В этот день утром кавалерийский полк, стоявший здесь, снимался с постоя и сержант-вербовщик с отрядом солдат гарцевал по всему городу, зазывая новобранцев. По мере того как день подходил к концу и близился вечер, а Габриэля все так никто и не нанимал, он стал жалеть, что не записался в солдаты и упустил случай отправиться в дальние края служить отечеству. Он устал топтаться без толку по рыночной площади, а так как ему, в сущности, было все равно, на какую бы его ни взяли работу, он решил попробовать наняться не управителем, а работником.
Похоже было, что всем фермерам требовались пастухи. А для Габриэля ходить за стадом было привычным делом.
Он повернул с площади на какую-то глухую улочку, а оттуда в еще более глухой переулок и вошел в кузницу.
– Сколько вам надо времени сделать крюк для посоха?
– Двадцать минут.
– А что это будет стоить?
– Два шиллинга.
Габриэль сел на скамью. Ему сделали крюк и даже дали палку в придачу.
Затем он отправился в лавку готового платья, хозяин которой был свой человек в округе. Так как почти все свои деньги Габриэль отдал за крюк, он решил попытаться обменять свое пальто на холщовую пастушескую блузу, что и сделал.
После того как этот обмен совершился, он вернулся на рынок и стал на краю тротуара с посохом в руке, как пастух. И надо же, чтобы теперь, когда он преобразился в пастуха, спрос только и был что на управителей. Все же сначала один, потом еще два-три фермера приметили его; один за другим они подходили к нему, и всякий раз следовал примерно такой разговор:
– А ты откуда?
– Из Норкомба.
– Не ближний конец.
– Пятнадцать миль.
– У кого последнее время работал? На чьей ферме?
– На своей собственной.
Этот ответ всякий раз неизменно оказывал такое же действие, как слух о холере. Осведомлявшийся фермер пятился и поспешно отходил, с сомнением покачивая головой. Габриэль, подобно своему псу, был слишком хорош, чтобы на него можно было положиться; так дальше этого разговора дело и не шло. Куда вернее ухватиться за первую подвернувшуюся возможность и поступить сообразно, чем иметь наготове заранее обдуманный план и выжидать, когда представятся случай осуществить его.
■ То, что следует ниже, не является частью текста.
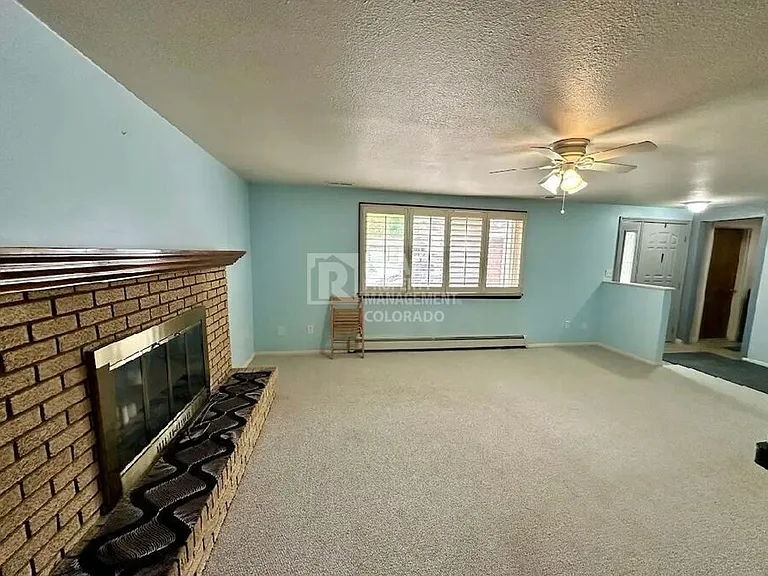 2628 Glendevey Dr — Photo 3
Габриэль теперь жалел, что связал себя отличительными знаками пастуха: не будь этого, он мог бы подрядиться на любую работу, выбрав из того, на что был спрос.
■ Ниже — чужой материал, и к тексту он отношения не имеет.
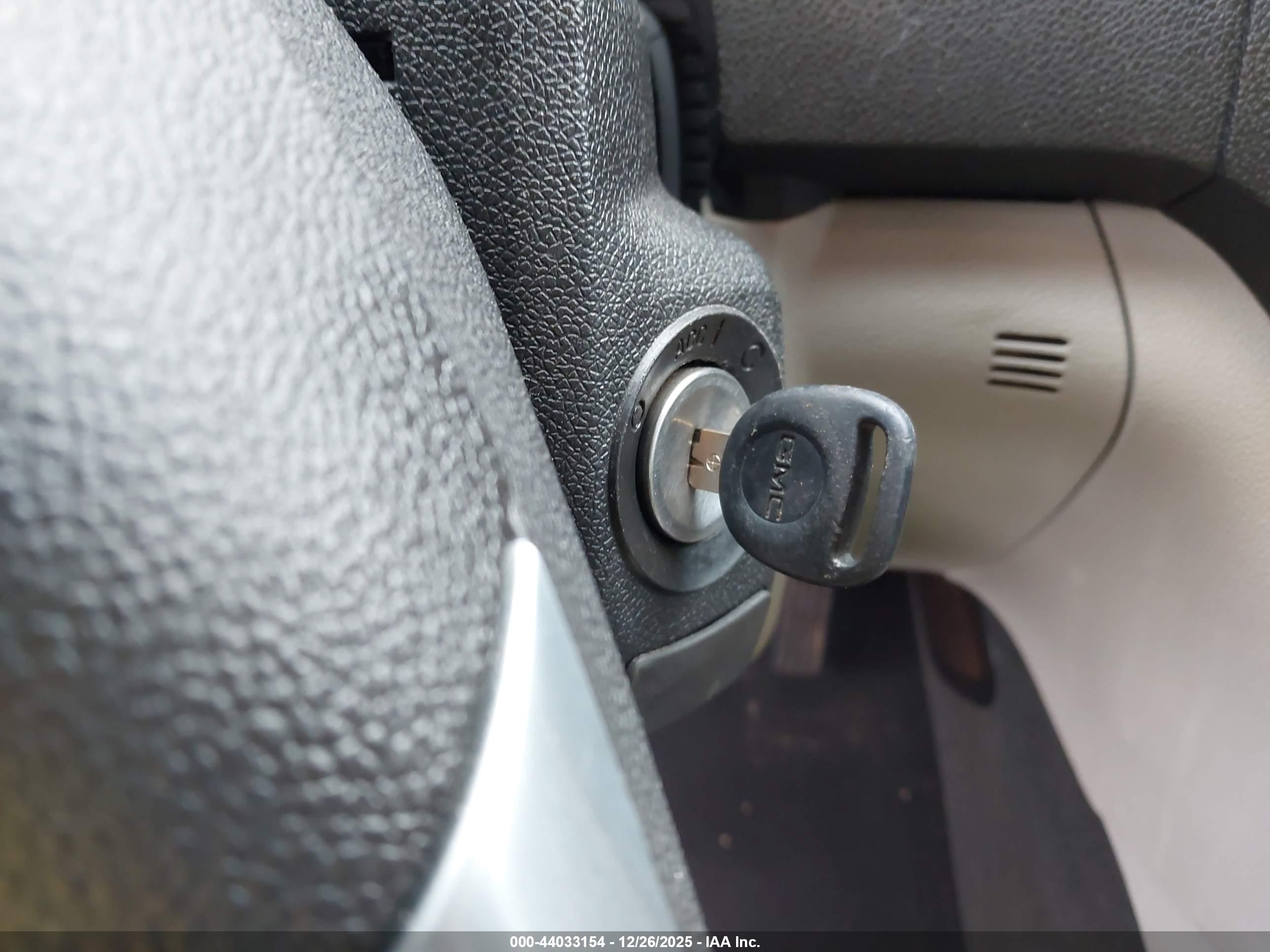 GMC ACADIA image 11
Уже смеркалось. Какие-то гуляки насвистывали и распевали возле хлебной биржи. Габриэль стоял, засунув руки в карманы своей пастушеской блузы, и пальцы его машинально нащупали флейту, которую он переложил туда.
Вот тут-то и представлялся случай проявить мудрость, приобретенную столь дорогой ценой.
Он достал флейту и заиграл песенку «Ярмарочный плут», да так задорно, как если бы это играл человек, не испытавший в жизни никаких огорчений. Оук умел извлекать из своей флейты истинно аркадские звуки, и сейчас знакомая мелодия радовала его самого не меньше, чем столпившихся кругом зевак. Он играл с увлечением и за полчаса собрал пенсами изрядную сумму, которая для неимущего человека представляла собой маленький капитал.